What are the LTV Requirements When a Loan has a Non-Occupying Co-Borrower?
This Article On Non-Occupant Co-Borrower Mortgage Guidelines On Home Loans
FHA and Conventional loans are the two most popular home mortgage programs in the nation that allow non-occupant co-borrowers to be added to the main borrower on a home purchase and/or refinance mortgage.
There are three government-backed mortgages:
- FHA loans
- VA loans
- USDA loans
Government-backed mortgages are for owner-occupant homes only. You cannot finance second homes and/or investment properties with government-backed loans. One of the hurdles facing many homebuyers is running into high debt to income ratio. This holds especially true for homebuyers with large student loan balances, self-employed borrowers, or borrowers with cash income. Lenders are very strict when it comes to qualified income. Cash income is non-existent in the mortgage world. Many self-employed borrowers take advantage of taking write offs. Unreimbursed expenses can save self-employed people thousands of dollars but is bad when they are qualifying for a mortgage. Lenders use adjusted gross income which is the net income after tax deductions. Part-time jobs, other jobs, second jobs, and other sources of income cannot be used unless the borrower has a two year history of making such other income and reflects on the income tax returns. The good news is lenders allow non-occupant co-borrowers to be added to the main borrower on FHA and Conventional loans. FHA is the only government loan program that allows non-occupant co-borrowers. VA and USDA do not allow non-occupant co-borrowers on VA and USDA loans. Fannie Mae and Freddie Mac allow non-occupant co-borrowers to be added on conventional loans.

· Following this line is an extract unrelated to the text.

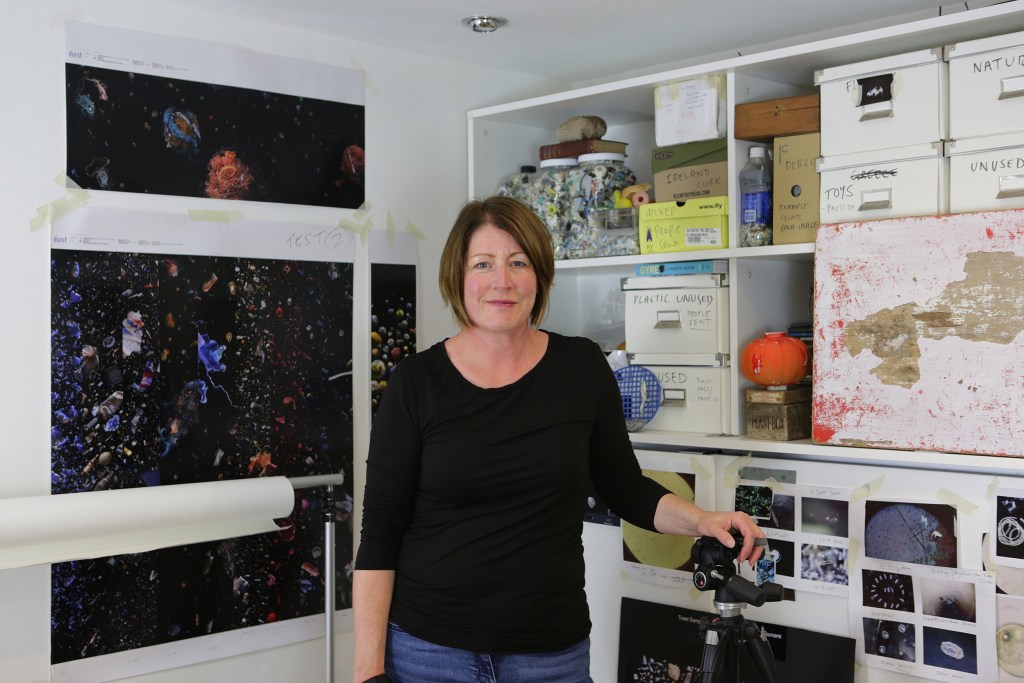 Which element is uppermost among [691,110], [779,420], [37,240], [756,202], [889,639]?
[691,110]

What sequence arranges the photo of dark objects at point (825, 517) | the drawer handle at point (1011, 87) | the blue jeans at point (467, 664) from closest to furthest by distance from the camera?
the blue jeans at point (467, 664), the drawer handle at point (1011, 87), the photo of dark objects at point (825, 517)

In this article, we will discuss and cover non-occupant co-borrower mortgage guidelines on FHA and Conventional loans.
Non-Occupant Co-Borrower Mortgage Guidelines On FHA Loans
In this article, we will discuss the non-occupant mortgage guidelines on FHA and Conventional loans.

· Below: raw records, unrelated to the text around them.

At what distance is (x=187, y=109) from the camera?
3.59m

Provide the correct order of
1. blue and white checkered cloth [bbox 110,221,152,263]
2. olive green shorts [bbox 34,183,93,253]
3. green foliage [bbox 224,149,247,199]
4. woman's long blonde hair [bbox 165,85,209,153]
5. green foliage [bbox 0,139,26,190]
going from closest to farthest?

In this paragraph, we will go over the non-occupant co-borrower mortgage guidelines on FHA loans. HUD, the parent of FHA, sets the HUD Agency Guidelines on FHA loans. Before we delve into the non-occupant mortgage guidelines on FHA loans, lets define what a non-occupant co-borrower is. Non-occupant co-borrowers are co-signers of a home mortgage. Non-occupant co-borrowers do not live with the main borrowers. They have their own homes and/or apartments. The purpose of non-occupant co-borrowers is in the event the main borrower default and/or forecloses on their mortgage, the lender will hold the non-occupant co-borrowers liable for the defaulted debt. HUD allows as many non-occupant co-borrowers to be added to the main borrower’s home loan. Non-occupant co-borrowers do not have to live nearby the main borrowers. There is no distance requirements of the main borrower and non-occupant co-borrowers to live nearby. Non-occupant co-borrowers can live out of state. Non-occupant co-borrowers need to meet all HUD Agency Guidelines in order to qualify. This includes meeting HUD Agency Guidelines with regards to minimum credit scores, debt to income ratio, and other credit/income requirements.

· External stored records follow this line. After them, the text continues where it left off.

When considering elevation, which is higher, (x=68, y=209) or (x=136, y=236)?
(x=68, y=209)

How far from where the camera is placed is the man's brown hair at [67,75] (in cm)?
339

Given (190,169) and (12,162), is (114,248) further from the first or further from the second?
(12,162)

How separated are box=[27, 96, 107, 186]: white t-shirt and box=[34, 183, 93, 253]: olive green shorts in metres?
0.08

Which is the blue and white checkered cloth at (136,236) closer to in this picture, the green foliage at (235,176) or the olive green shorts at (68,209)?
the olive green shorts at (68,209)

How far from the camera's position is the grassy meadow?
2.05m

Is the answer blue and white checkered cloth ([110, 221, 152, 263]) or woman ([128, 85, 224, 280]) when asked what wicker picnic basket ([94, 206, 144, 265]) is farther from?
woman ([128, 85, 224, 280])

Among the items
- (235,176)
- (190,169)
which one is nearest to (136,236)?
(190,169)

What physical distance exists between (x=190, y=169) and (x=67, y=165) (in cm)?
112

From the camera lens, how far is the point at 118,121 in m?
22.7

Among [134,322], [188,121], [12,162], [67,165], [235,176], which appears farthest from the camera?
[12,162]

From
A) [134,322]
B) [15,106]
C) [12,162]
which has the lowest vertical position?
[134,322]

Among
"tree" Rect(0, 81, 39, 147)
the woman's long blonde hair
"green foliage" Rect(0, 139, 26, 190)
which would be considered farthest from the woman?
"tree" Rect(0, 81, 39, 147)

There are no limits on the number of non-occupying co-borrowers to be added. However, all non-occupant co-borrowers need to meet the minimum HUD Agency Mortgage Guidelines. This includes with regards to the minimum credit score requirements, debt to income ratio caps, waiting period after bankruptcy and/or foreclosure. The qualifying credit score used with the middle credit score of the borrower with the lowest credit scores. This is whether the main borrower and/or co-borrowers has the lowest credit scores.
Fannie Mae And Freddie Mac Non-Occupant Co-Borrower Mortgage Guidelines On Conventional Loans
Fannie Mae and Freddie Mac Non-Occupant Co-Borrower Mortgage Guidelines allow for non-occupant co-borrowers to be added on owner-occupant primary conventional loans. Unlike FHA Loans, conventional loans does not require non-occupant co-borrowers to be related to the main borrower by law, blood, and/or marriage. You can have friends, co-workers, business associates become non-occupant co-borrowers Conventional loans require a 3% down payment on a home purchase for first time homebuyers. First time homebuyers is defined as a home buyer who did not have any homeownership interest in the past three years. Otherwise, owner occupant homebuyers need a five percent down payment on a home purchase on conventional loans.